Create a More Connected Minnesota

MPR News is your trusted resource for the news you need. With your support, MPR News brings accessible, courageous journalism and authentic conversation to everyone - free of paywalls and barriers. Your gift makes a difference.

This week, the nation's total debt is about $16 trillion. That includes intergovernmental debt, such as the Medicare and Social Security trust funds. Debt held by the public, meaning federal debt held by individuals, corporations and governments, is about $11.3 trillion.

The Kline camp assumes that Vikings tickets cost an average of $76, which is a reasonable assumption given tickets for games this season currently costs somewhere between $15 and $143 each. The stadium can seat 64,111 people.

Assuming the stadium is full every day, all year, at $76 a pop, Kline is right that it would take about 9,000 years to reach $16 trillion.

For several years, Kline has eschewed earmarks, the practice of requesting money for pet projects at home in annual appropriations bills, but he wasn't always such a purist.

In 2004, the Star Tribune reported that Kline received $3 million for projects in his district in a highway funding bill.
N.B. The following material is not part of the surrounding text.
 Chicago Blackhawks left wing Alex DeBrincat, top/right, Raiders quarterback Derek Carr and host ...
In 2008, Kline was among 20 House and Senate lawmakers who dumped the practice, along with Republican Sens. John McCain of Arizona and Tom Coburn of Oklahoma, who has long crusaded against earmarks as the hallmark of wasteful spending.

"There's a growing awareness that the system is broken and we aren't going to fix it unless some of us start taking a stand," Kline told the Associated Press in 2008.
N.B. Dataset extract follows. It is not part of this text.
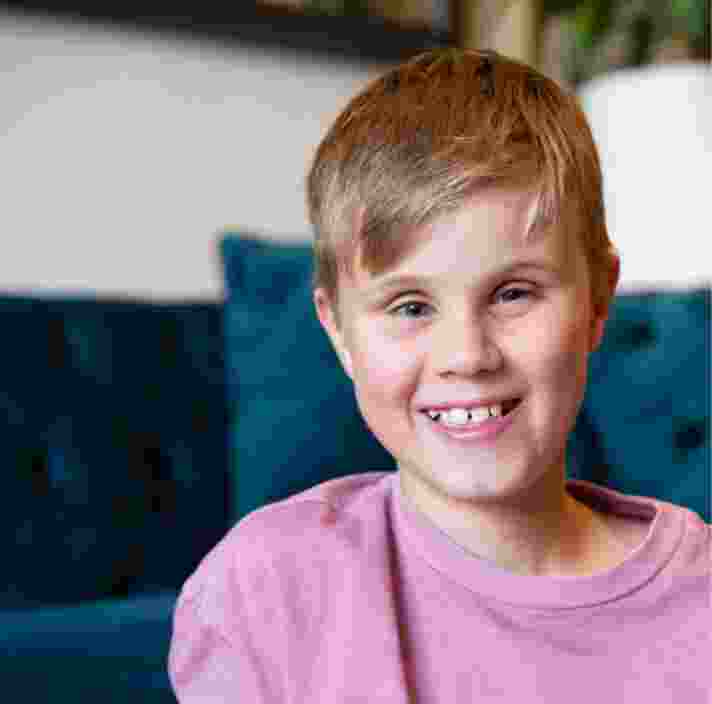 Close up of a young child with a big smile on their face. They are seated on the ground with a couch in the background.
Earmarking is currently banned in the U.S. House. But that hasn't stopped lawmakers from finding other ways to send cash home to their districts. And budget experts say that earmarks are such a tiny sliver of the federal budget that banning them does little to ameliorate the nation's debt woes.

The Verdict

Kline accurately uses the Metrodome to describe the size of the nation's debt.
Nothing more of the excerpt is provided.